Cennet Tehlikede / Paradiset Brinner / Paradise Is Burning – Çiçek İstemez
Festivalin belki de enerjisi en yüksek filmi İsveçli yönetmen Mika Gustafson’un ilk uzun metrajı olan Paradise is Burning. Bir annenin bilinmeyen yokluğu altında bir arada yaşayan üç kız kardeşi merkezine alan film, yaşamın zorlukları ve zorunlulukların üstesinden birbirlerine sığınarak gelen kız kardeşlerin iç ısıtan hikayesi. Yer yer Aki Kaurismaki filmleriyle benzerlikler taşısa da onun absürt soğukluğunun aksine tutulması güç bir enerjiye sahip. 16 yaşındaki Laura, 12 yaşındaki Mira ve 7 yaşındaki Steffi süpermarkette ufak tefek bir şeyler çalarak, bölgedeki evlere girip havuzlarında partiler vererek özel mülkiyete küçük çaplı bir başkaldırı gerçekleştirirlerken, film aynı zamanda sosyal hizmetlerin onları ziyaret edecek olmasını kardeşlerinden saklayan Laura’nın “bir anne rolü” bulma çabasını da takip ediyor.

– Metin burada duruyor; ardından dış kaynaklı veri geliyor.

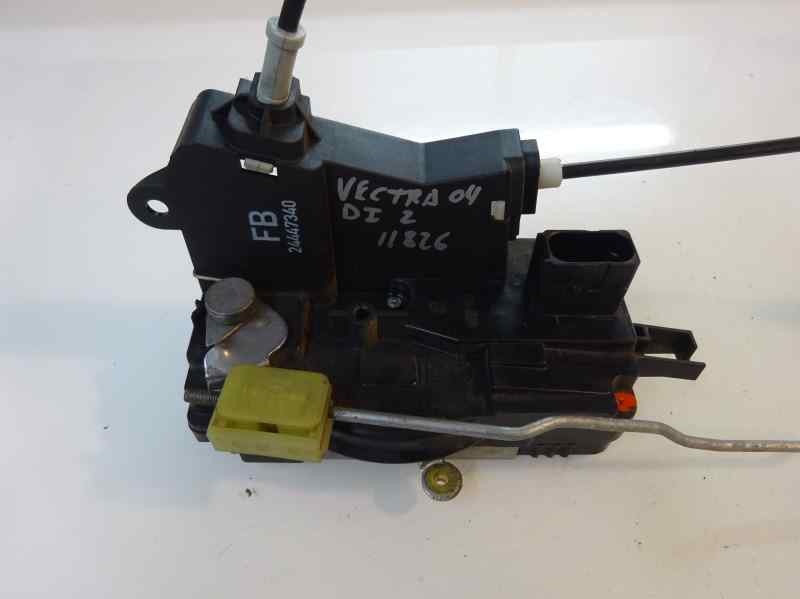 CERRADURA PUERTA DELANTERA IZQUIERDA OPEL VECTRA 2.2 DTI MT 125CV | 92KW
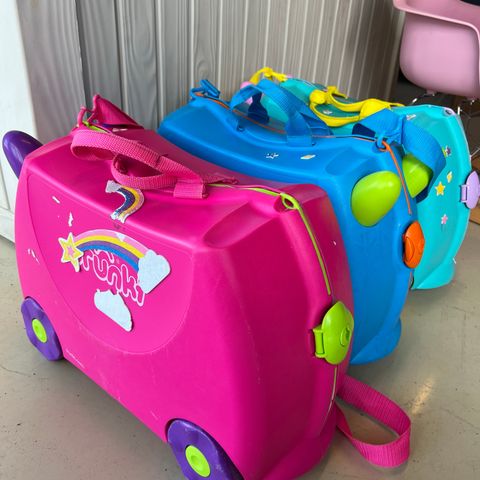 Trunki, reise koffert/trille for barn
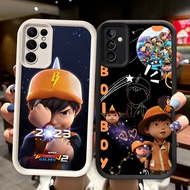 TS-81 New BoBoiBoy Fusion Shockproof Casing for Samsung A55 A54 M15 S25 S24 S21 FE Ultra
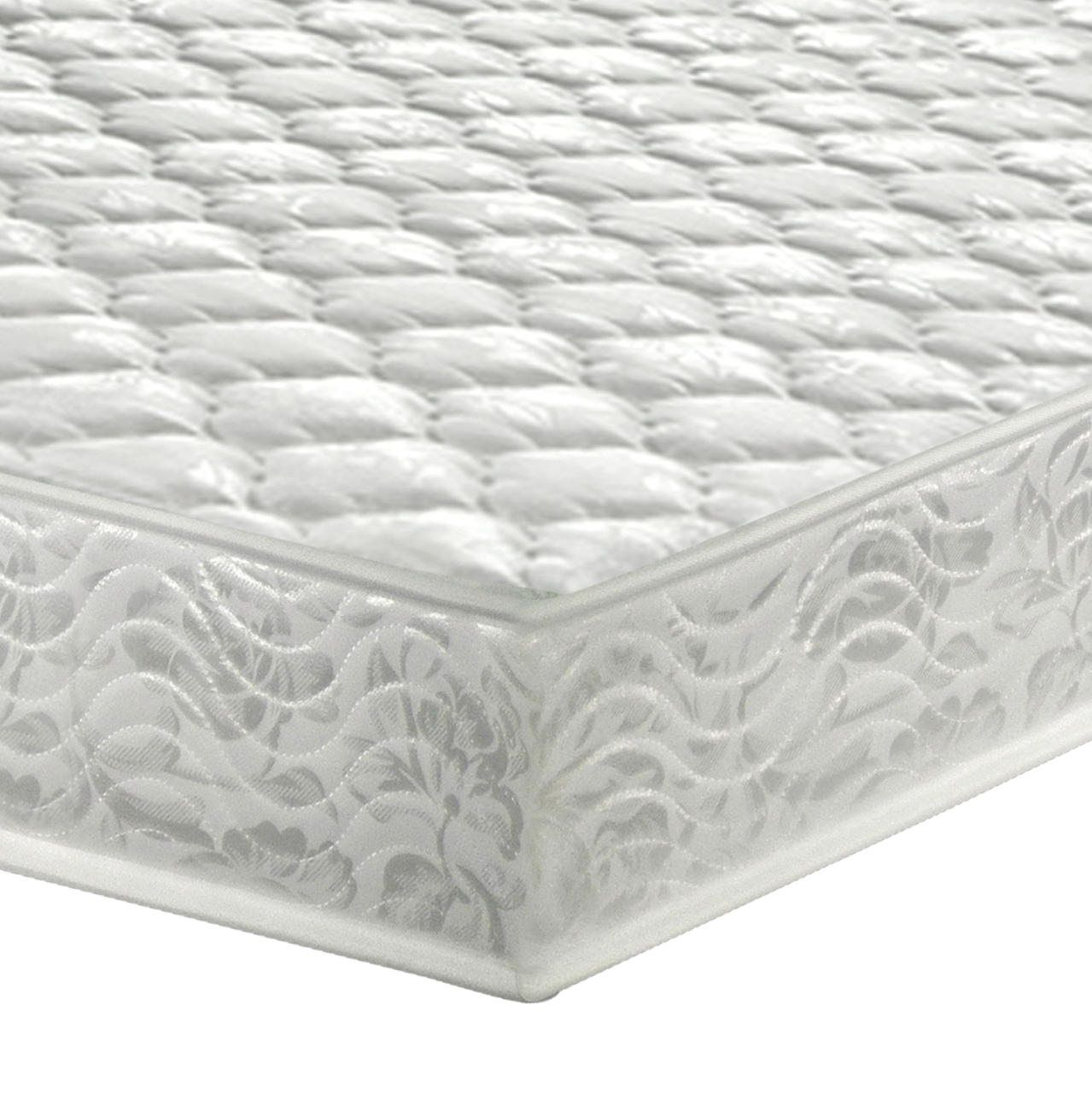BED WITH MATTRESS INDRA HM21280.04 CYPRESS GREEN VELVET--FOR MATTRESS 160x200cm [6]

Bir gençlik filmi diyebilecek olsak da bir işçi sınıfı topluluğu olan bölgedeki orta yaşlı karakterlere de ana karakterlerimizle etkileşim kurdukları ölçüde yer veren film, Kaurismaki filmleriyle sadece coğrafi bir yakınlık göstermiyor, aynı zamanda aynı ruhu taşıyor. Üç kız kardeş de hayatın beklenmedik sürprizlerini en masum şekilde karşılayıp sürdürürken, bu süreçte birbirleriyle anlaşamadıkları anlar da yaşıyorlar. Sanki baştan sona bir parti olan film, sosyal hizmetlerin bütün bu yaşamı tek bir sözle ortadan kaldırabileceği endişesini de beraberinde getirirken, Gustafson bizi partinin hiç bitmeyeceğine ikna etmeyi başarıyor.